Content Warning: details of gendered violence and femicide
The murders of Black women, girls and gender-expansive people like Tatyana Aliyah Brooks, Khadijah Muhammad, and so many others whose names never reached headlines are not isolated incidents. They are part of a sustained crisis of anti-Black gendered violence that this country continues to normalize through silence, neglect, and abandonment.
Black women, girls and gender-expansive people are being killed by partners, stalked, disappeared, criminalized, and failed by every system supposedly designed to protect them. Families are left grieving while communities are left holding trauma that never fully heals.
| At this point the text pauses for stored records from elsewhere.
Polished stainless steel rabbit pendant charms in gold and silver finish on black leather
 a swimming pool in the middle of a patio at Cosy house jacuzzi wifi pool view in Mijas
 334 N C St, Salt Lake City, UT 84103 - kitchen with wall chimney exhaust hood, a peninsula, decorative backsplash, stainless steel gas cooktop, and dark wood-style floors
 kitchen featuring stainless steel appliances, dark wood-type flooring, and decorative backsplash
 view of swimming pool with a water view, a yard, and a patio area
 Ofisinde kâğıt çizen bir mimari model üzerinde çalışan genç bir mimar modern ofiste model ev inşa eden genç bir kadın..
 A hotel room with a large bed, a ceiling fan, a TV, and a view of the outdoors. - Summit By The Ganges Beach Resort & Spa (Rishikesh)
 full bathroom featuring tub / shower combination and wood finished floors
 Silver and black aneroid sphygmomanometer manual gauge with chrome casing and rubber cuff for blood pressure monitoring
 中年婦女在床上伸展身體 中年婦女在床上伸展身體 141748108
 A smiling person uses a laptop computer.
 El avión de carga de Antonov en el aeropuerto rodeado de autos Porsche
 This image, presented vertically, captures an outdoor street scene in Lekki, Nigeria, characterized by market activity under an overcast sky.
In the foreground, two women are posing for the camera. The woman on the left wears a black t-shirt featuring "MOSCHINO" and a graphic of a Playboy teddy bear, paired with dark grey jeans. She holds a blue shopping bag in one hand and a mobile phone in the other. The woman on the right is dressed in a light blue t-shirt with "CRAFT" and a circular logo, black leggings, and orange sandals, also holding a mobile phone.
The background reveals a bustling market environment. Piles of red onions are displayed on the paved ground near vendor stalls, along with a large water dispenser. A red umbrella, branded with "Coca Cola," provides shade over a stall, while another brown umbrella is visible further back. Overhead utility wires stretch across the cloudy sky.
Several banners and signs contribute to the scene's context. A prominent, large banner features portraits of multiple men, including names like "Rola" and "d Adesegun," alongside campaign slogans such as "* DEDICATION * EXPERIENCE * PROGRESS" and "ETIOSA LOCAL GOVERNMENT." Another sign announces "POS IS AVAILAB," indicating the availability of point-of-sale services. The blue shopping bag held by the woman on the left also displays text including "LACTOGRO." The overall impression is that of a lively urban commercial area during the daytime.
Still, the labor of responding falls back onto Black women. These organizers, healers, advocates, aunties, survivors, doulas, build safety nets out of almost nothing while organizations and systems with immense wealth continue to hesitate around fully resourcing this work.
The ongoing conversations around the retreat of major philanthropic investments into gender justice work, particularly the fallout connected to the unraveling of large-scale funding commitments from institutions like NoVo Foundation in 2020, cannot be disconnected from what we are witnessing now. When funders pull back from long-term investment in survivor-led organizing, Black feminist infrastructures weaken, mutual aid networks stretch beyond capacity; the safety movement shrinks.
NoVo foundation didn’t just have the largest footprint for gendered violence prevention in the sector (96% to be exact). They prioritize gendered violence, securing 37% of all the domestic funding for women’s rights and services, specifically for Black women.
That is why NCRP gave them an Impact Award in 2013. As NCRP wrote about NoVo, “the foundation understands that solving the most intractable problems in the world requires mass mobilization.”
Black feminist movements have warned for decades that gendered violence cannot be separated from economic violence, housing instability, healthcare inequity, reproductive injustice, transphobia, state violence, and chronic divestment from Black communities.
As Russell Roybal, NCRP Executive VP and Chief Impact Officer said in their recent statement on collective safety, “Reproductive access, gendered violence and LGBTQ+ rights are not separate stories. They find each other at the margins and intersections of the work and the hurt. They are chapters of the same book, written on bodies that have been policed, punished and politicized for daring to exist outside of someone else’s control. They are held together by a shared truth: Bodily autonomy is sacred, and safety, dignity and joy are not privileges, but birthrights.”
Safety was never just policing. Safety is culturally competent support systems that can intervene before violence escalates. Safety is Black women having the resources to leave dangerous situations and survive afterward.
Philanthropy has repeatedly failed to meet this moment with the urgency it demands.
For years, Black-led organizations carried entire ecosystems of care with minimal funding and impossible expectations. These organizations built emergency response systems where none existed. They organized reproductive justice, healing justice, transformative justice, and survivor-centered care organizing because traditional justice systems consistently failed Black communities. They created spaces where Black women and femmes could be believed, protected, and supported without criminalization or shame.
Funders continue to treat this work as secondary, “fad funding” to support temporarily during moments of public outrage, rather than work that must be sustained as essential infrastructure. Philanthropy moves rapidly after a tragedy trends publicly but makes little commitment to the long-term conditions necessary to prevent that violence in the first place.
In 2020, new funders needed to commit approximately $95 million dollars towards combating gendered violence to fill the gap in funding the Buffetts created. This huge funding gap left by the abrupt ending of NoVo’s Ending Violence Against Girls and Women program was never filled. Now more than ever, more funding and action is needed to invest in the safety of Black women, girls and gender-expansive people.
Black feminist organizers have already given philanthropy the blueprint. The issue has never been a lack of strategy. The issue has been a lack of political courage, a lack of funding, and a lack of action to invest in the safety of Black women and girls.
If funders are serious about addressing Black femicide, then the response cannot stop at statements, convenings, or symbolic commitments. The philanthropic response must look like unrestricted, multi-year funding for Black-led and survivor-led organizations. Philanthropy must fund the total picture: healing justice, harm reduction work, housing support, reproductive justice, and abolitionist initiatives with the understanding that all of these are violence prevention strategies.
Every time philanthropy retreats from this work, Black women pay the price first.
The deaths of Black women are not inevitable. They are the result of policy choices, funding choices, and societal choices that continue to devalue Black life while depending on Black women to hold entire communities together. While institutions debate priorities and protect endowments, frontline organizers continue doing life-saving work with too little support and far too much grief.
Black women deserve more than memorials after violence has already occurred. We deserve investment while we are still alive.
Brandi Collins-Calhoun is the Movement Engagement Manager at the National Committee for Responsive Philanthropy (NCRP). A writer, educator and reproductive justice organizer, they lead the organization’s Reproductive Access and Gendered Violence portfolio of work.